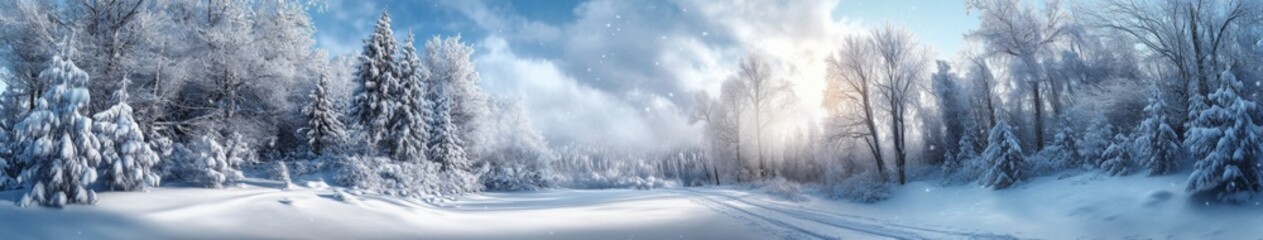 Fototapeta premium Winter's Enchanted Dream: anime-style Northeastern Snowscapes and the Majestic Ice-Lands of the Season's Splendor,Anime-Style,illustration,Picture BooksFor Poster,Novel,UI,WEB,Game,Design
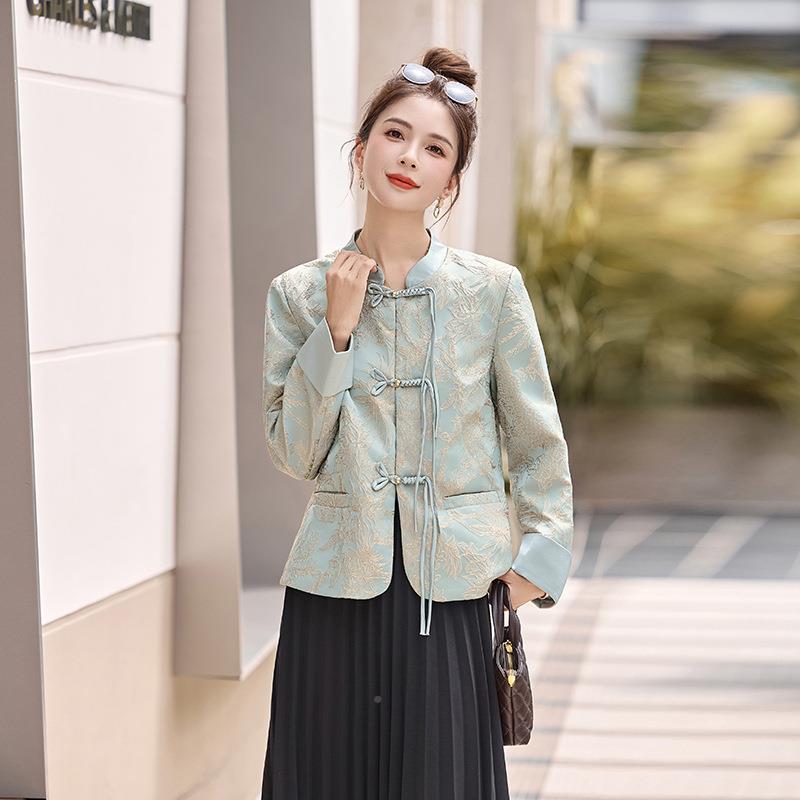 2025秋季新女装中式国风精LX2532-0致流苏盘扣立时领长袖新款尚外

━━━━━━━━━━━━━━━━━━━━

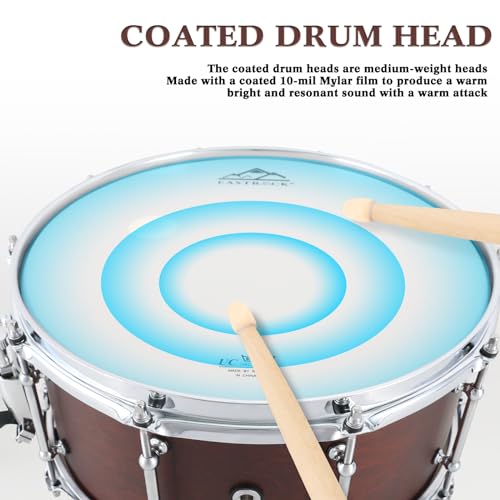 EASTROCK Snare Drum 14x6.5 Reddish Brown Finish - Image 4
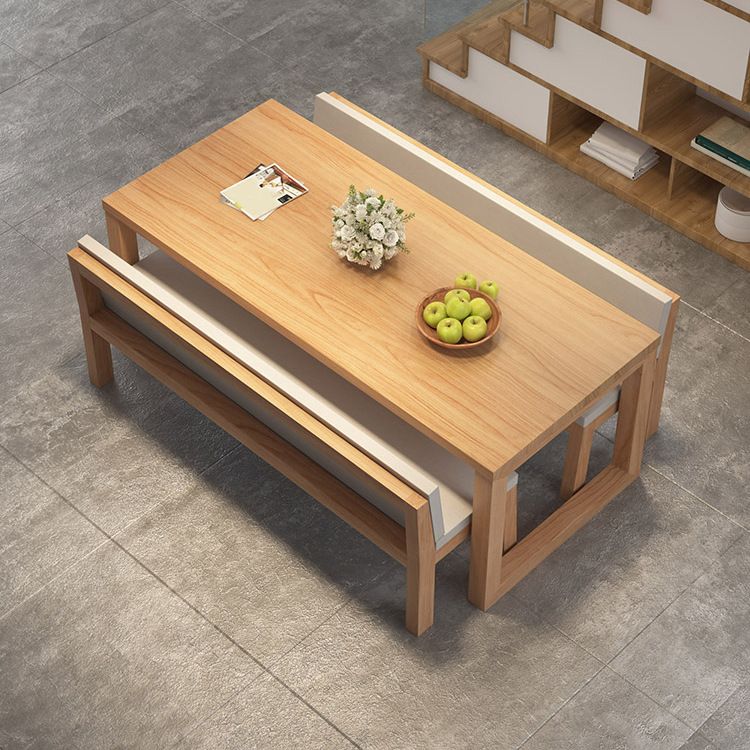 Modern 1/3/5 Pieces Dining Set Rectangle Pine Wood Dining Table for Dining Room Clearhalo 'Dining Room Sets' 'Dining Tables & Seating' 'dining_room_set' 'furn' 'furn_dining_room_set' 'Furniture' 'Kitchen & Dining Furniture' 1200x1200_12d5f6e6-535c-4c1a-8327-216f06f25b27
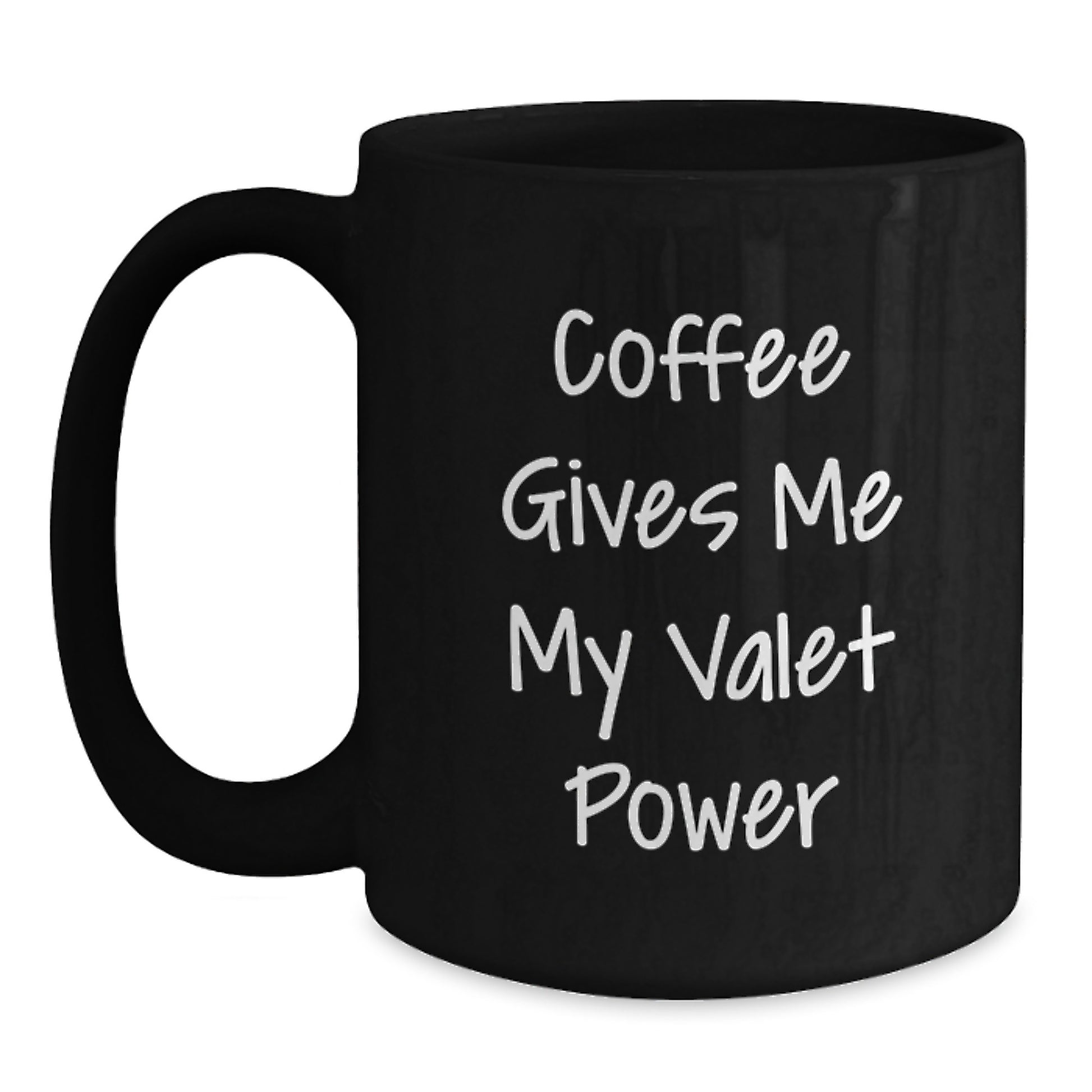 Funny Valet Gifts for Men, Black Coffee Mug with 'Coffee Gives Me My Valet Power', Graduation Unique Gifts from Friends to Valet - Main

━━━━━━━━━━━━━━━━━━━━

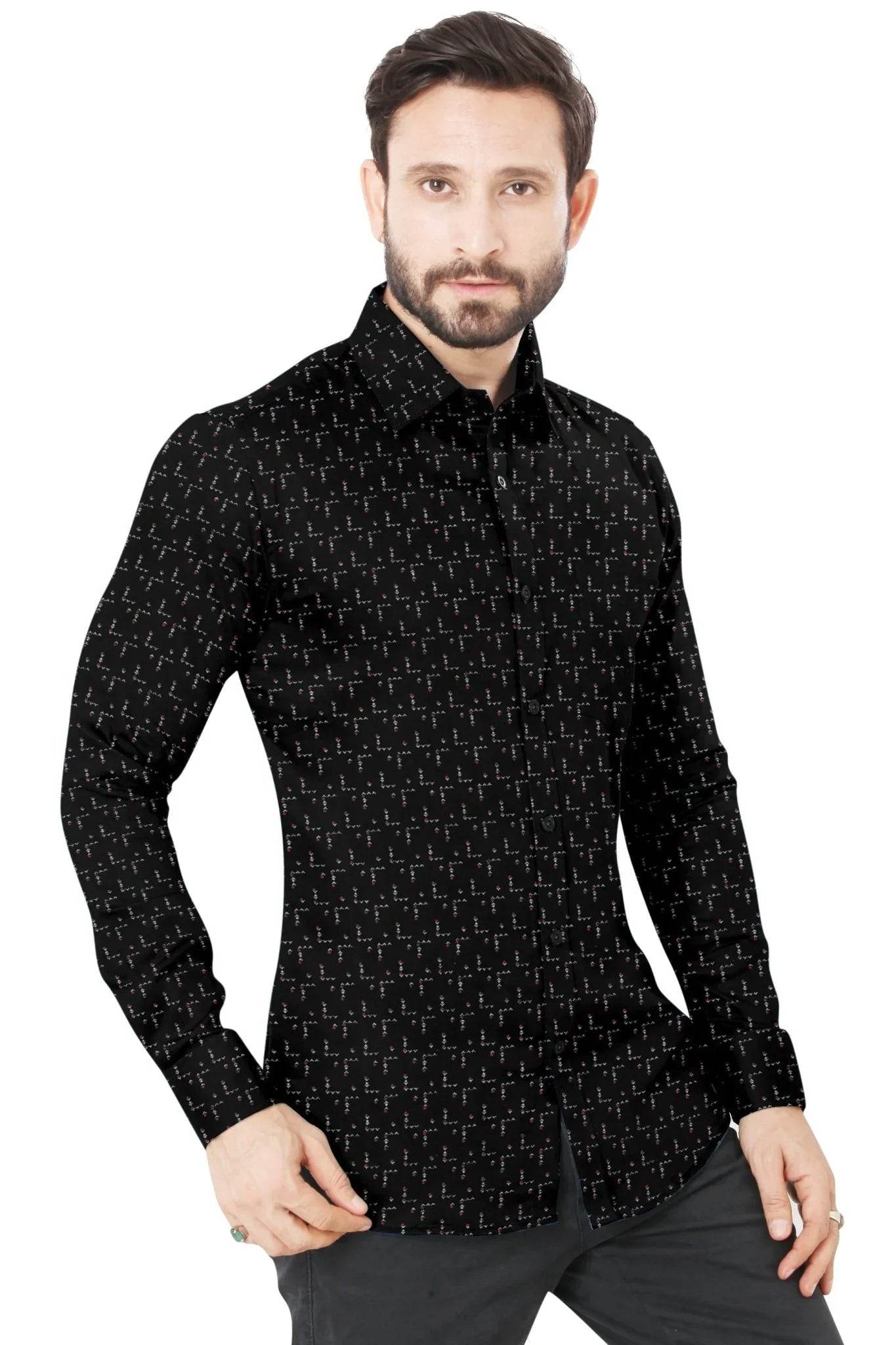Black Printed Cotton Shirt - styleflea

━━━━━━━━━━━━━━━━━━━━

■ **EXERCISE**
From the data above, return only the lines starting at the line that holds "Modern 1/3/5 Pieces" and ending at the line that holds "Funny Valet Gifts", word for word and without pictures.

■ **YOUR SOLUTION**
 Modern 1/3/5 Pieces Dining Set Rectangle Pine Wood Dining Table for Dining Room Clearhalo 'Dining Room Sets' 'Dining Tables & Seating' 'dining_room_set' 'furn' 'furn_dining_room_set' 'Furniture' 'Kitchen & Dining Furniture' 1200x1200_12d5f6e6-535c-4c1a-8327-216f06f25b27
 Funny Valet Gifts for Men, Black Coffee Mug with 'Coffee Gives Me My Valet Power', Graduation Unique Gifts from Friends to Valet - Main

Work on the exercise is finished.